I'm not a lawyer; but, if IBM wants to use a CC-BY-NC-ND photo of me to train an AI, it seems that would violate the no derivatives portion of the license; in that, the AI being trained, is a work of it's own. In the case of this hypothetical photo, it has been modified into a piece of code somewhere in the AI's programming. Now, if the AI was a sentient being and was just viewing the material, that might be a different case. If the AI was sentient and wanted to use the photo; it/he/she would have to attribute the work so long as it was bound by human law. Also, there is no commercial use allowed in a CC-BY-NC-ND, so that would probably violate the license before the no-derivative portion was violated.
The CC-BY-NC license would allow for use with attribution if IBM's work was not commercially used.
The CC-BY-NC-SA license would allow for use with attribution if IBM's work was not commercial, and if they also shared their work. (Again, not a lawyer; but, this may be an area where a creative commons license run into compatibility issues.)
The CC-BY-ND might work with what IBM is doing depending on if the translation from image to code by algorithm via AI was not considered a derivative work. In this case, IBM would either just attribute the work, or not be able to use it if it is a modified work after the AI uses it.
The CC-BY-SA license would allow IBM to do what they want so long as their work was shared-alike and attribution was given.

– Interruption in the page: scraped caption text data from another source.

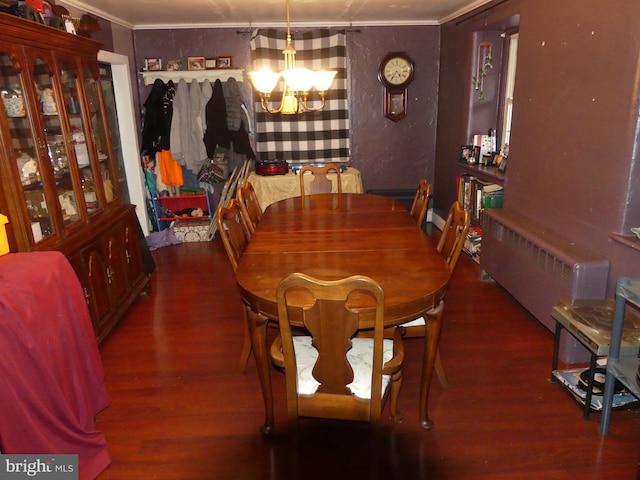 dining space featuring ornamental molding, dark hardwood / wood-style floors, radiator heating unit, and a chandelier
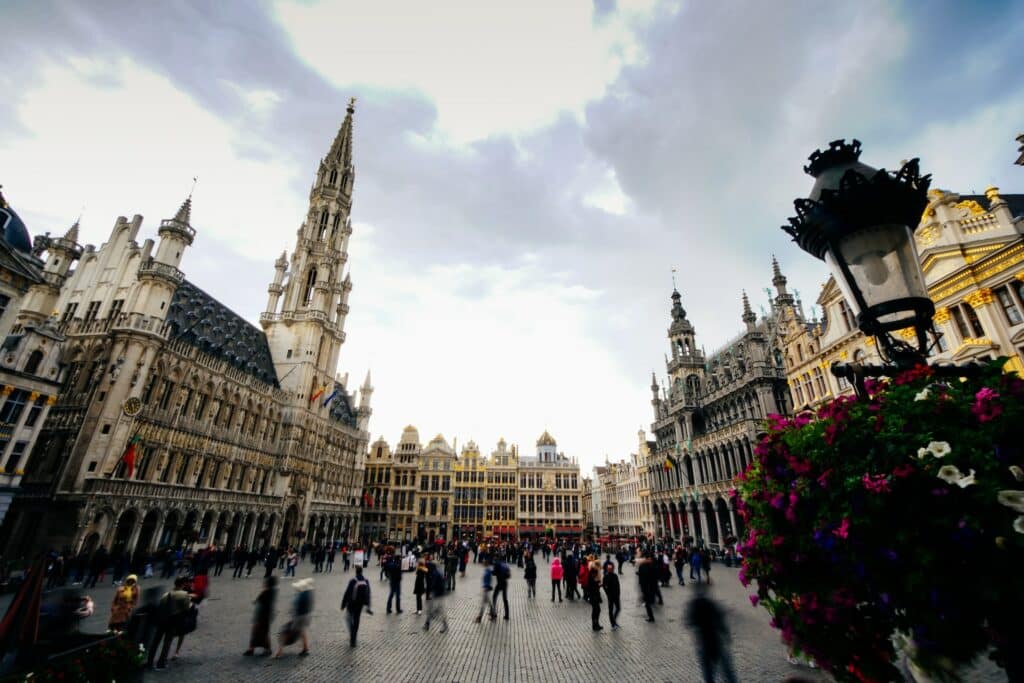 Praça do Luxemburgo em Bruxelas, trata-se de um local com diversos prédios medievais e históricos, muitos com torres, outros com detalhes em dourado, no pátio que fica no centro do local há muitas pessoas caminhando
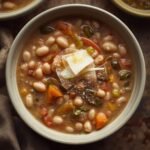 Rustic bowl of Tuscan white bean soup with creamy cannellini beans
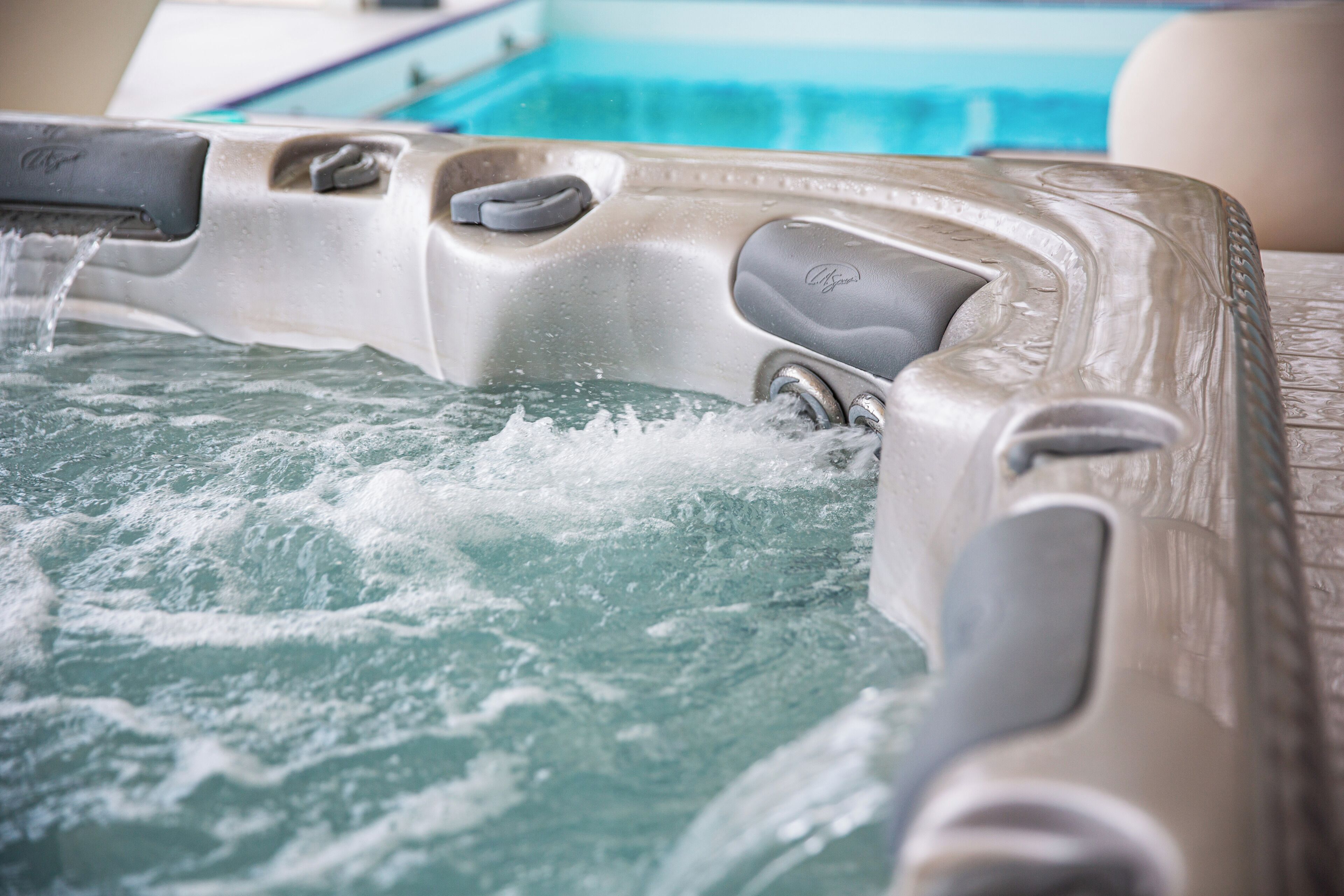 Een whirlpool met waterstralen, een bedieningspaneel en een zwembad op de achtergrond.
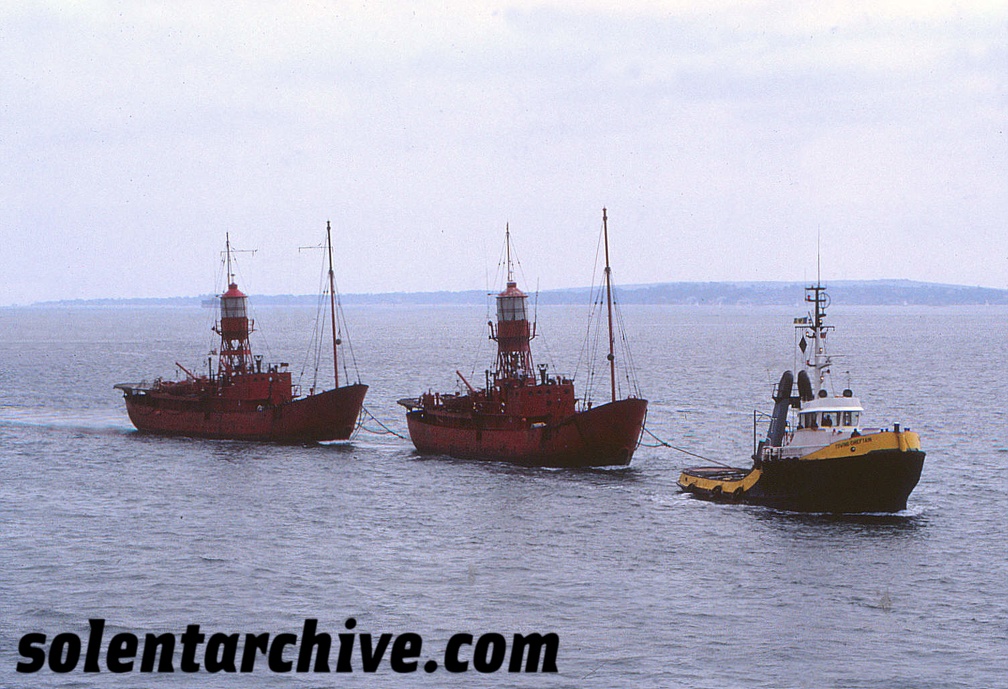 Lightships under tow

The CC-BY license would probably be the safest bet next to public domain. IBM could simply link to a page with all proper attributions or whatever they had to do.
CCO is self explanatory.
The arguments and outrage I'm seeing in these comments suggests that many people view an AI training on photos is simply just an act of viewing. Perhaps that is the case. It may be a debatable point in a court of law if anyone was to bring a situation like this to court. From my understanding (which may be flawed) it is not a simple act of viewing in that a work is being worked upon by another work and simultaneously being incorporated into that work, which, in the case of IBM, is most likely going to be used to make a profit, at some point. A counter argument could be that, if I view a CC-BY-NC-ND picture and become inspired to write a story based on what i viewed in the photograph, am I then not allowed to do so? I would agree that I should be allowed to do so; but, I am not a, 'work', of a company. At least so far as I can prevent myself from being one...
*shrug*
The clear distinction between the two is probably equivalent to the line the ocean draws at the coast; or, the line the coast draws at the ocean.

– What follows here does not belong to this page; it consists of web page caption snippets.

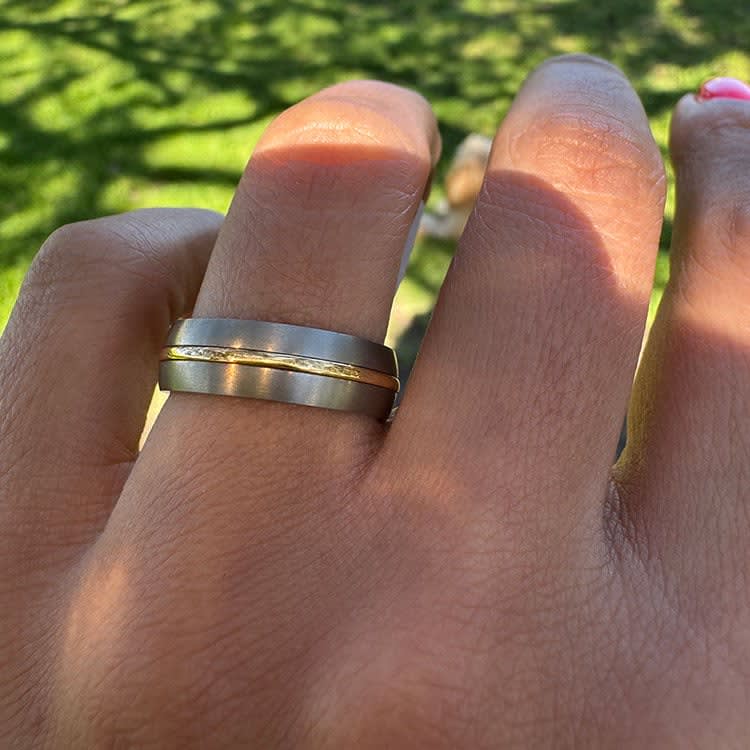 18k yellow stripe on a titanium band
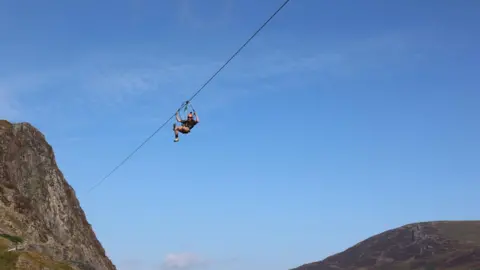 A person suspended from a zip line travels high above mountains, centered against a wide, clear blue sky. Rocky slopes rise on the left and right edges of the image.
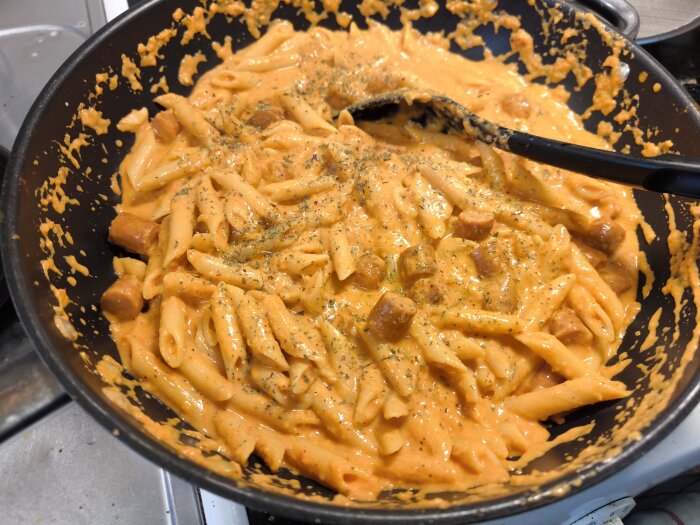 Krämig pasta i krämig sås med grillad paprika och kabanoss i en stekpanna, toppad med kryddor.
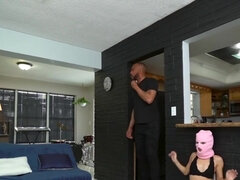 She wears a robber mask and gets caught by a person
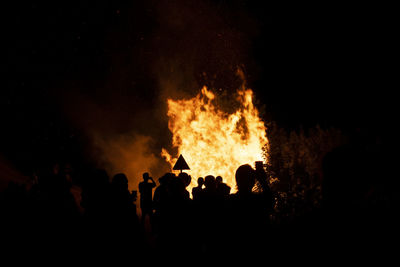 Silhouette people against fire at night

Almost all responses here are along the lines of "what did you expect". But it's not that simple.
If I go up to a window in your house and photograph the inside, you don't say "well, I have no problem with that, the windows are transparent after all".
Saying "it's technically possible, so of course someone did it" makes you no better than databrokers like Cambridge Analytica who create psychological profiles based on your Facebook likes and then sell them to, well, anyone really.

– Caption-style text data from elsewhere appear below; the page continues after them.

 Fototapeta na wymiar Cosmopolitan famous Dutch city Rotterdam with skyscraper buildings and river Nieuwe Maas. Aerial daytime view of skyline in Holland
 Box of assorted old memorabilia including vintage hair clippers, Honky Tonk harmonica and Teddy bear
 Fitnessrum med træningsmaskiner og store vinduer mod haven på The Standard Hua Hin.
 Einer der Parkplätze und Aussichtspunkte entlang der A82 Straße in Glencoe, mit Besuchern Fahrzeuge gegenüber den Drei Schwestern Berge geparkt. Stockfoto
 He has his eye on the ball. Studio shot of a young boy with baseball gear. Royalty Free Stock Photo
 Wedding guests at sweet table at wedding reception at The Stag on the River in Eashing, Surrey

Is it technically possible? Yes. Was it something the average user could have anticipated when they pressed the "I agree" button? No.
This is about norms and values. Privacy is a form of "contextual integrity". We have expectation of how much we will get for different situations. People have similar expectations online.
This illustrate the hypocrisy of photographers: They do not believe that the (non-model) people appearing in a photo (perhaps in the background) have any rights to their faces. But the photographers believe that they have all rights to the photos of those faces.
The problem in this case is that the photos was posted at all without the consent of the people in the photos.